Records:

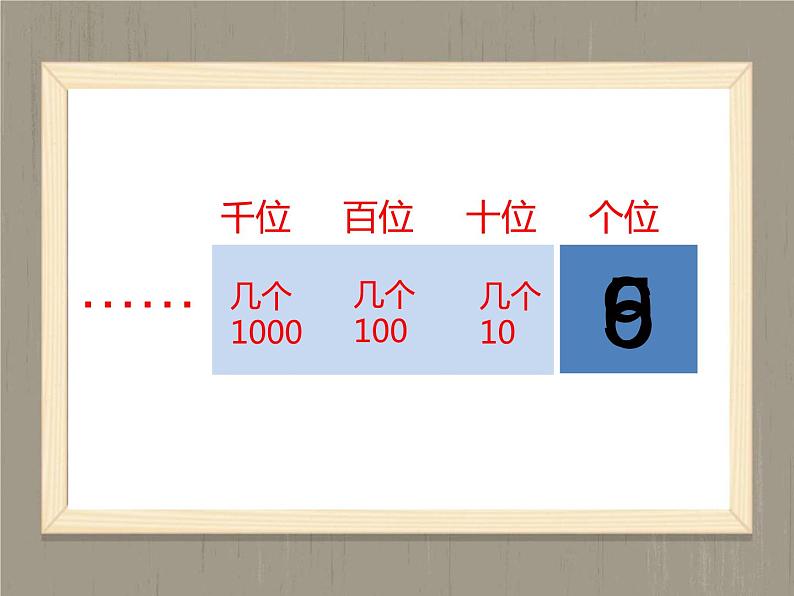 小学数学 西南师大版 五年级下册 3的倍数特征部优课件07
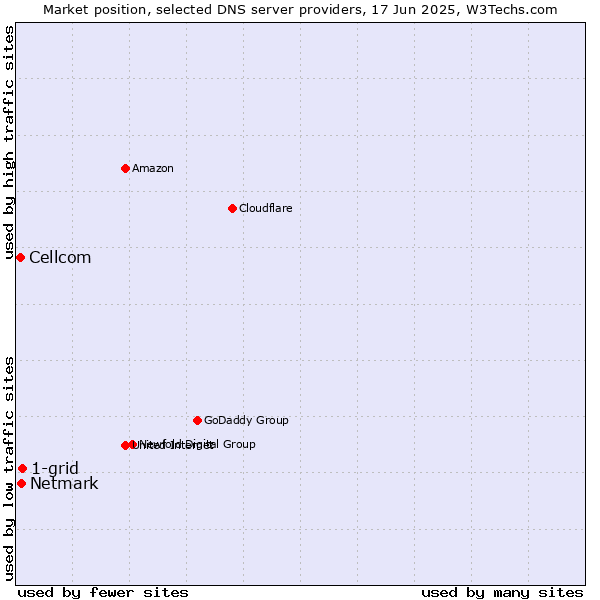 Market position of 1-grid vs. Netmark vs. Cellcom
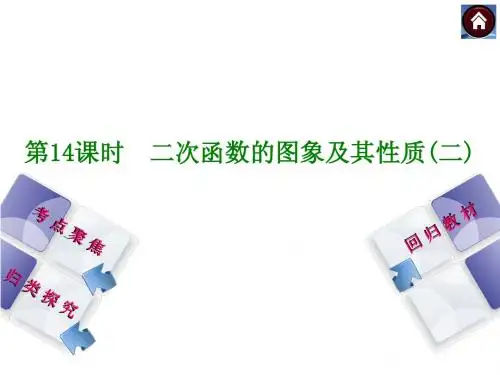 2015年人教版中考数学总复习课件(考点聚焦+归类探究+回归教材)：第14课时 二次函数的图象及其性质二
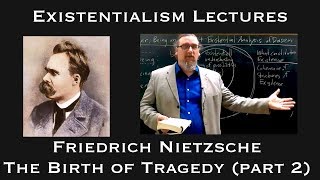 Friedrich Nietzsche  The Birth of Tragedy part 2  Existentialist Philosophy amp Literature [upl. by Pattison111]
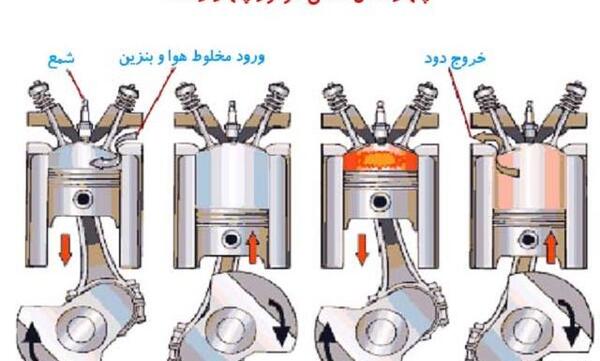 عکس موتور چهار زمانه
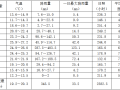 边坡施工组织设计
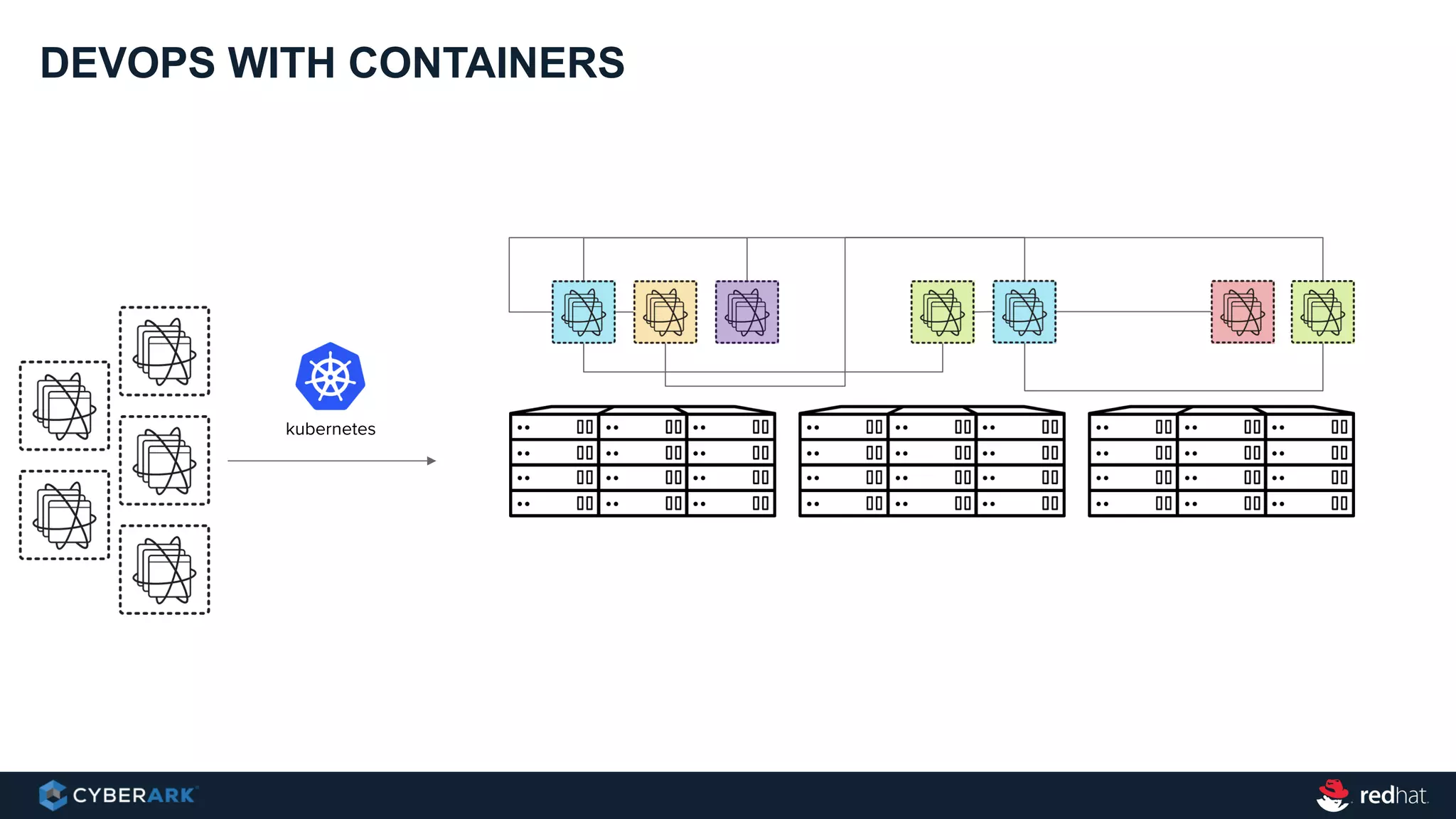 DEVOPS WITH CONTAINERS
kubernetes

Aim of the exercise:
The copy must start at the line containing "2015年人教版中考数学总复" and end at the last line of the data, matching each line exactly. It must hold no pictures.

Output below:
 2015年人教版中考数学总复习课件(考点聚焦+归类探究+回归教材)：第14课时 二次函数的图象及其性质二
 Friedrich Nietzsche  The Birth of Tragedy part 2  Existentialist Philosophy amp Literature [upl. by Pattison111]
 عکس موتور چهار زمانه
 边坡施工组织设计
 DEVOPS WITH CONTAINERS
kubernetes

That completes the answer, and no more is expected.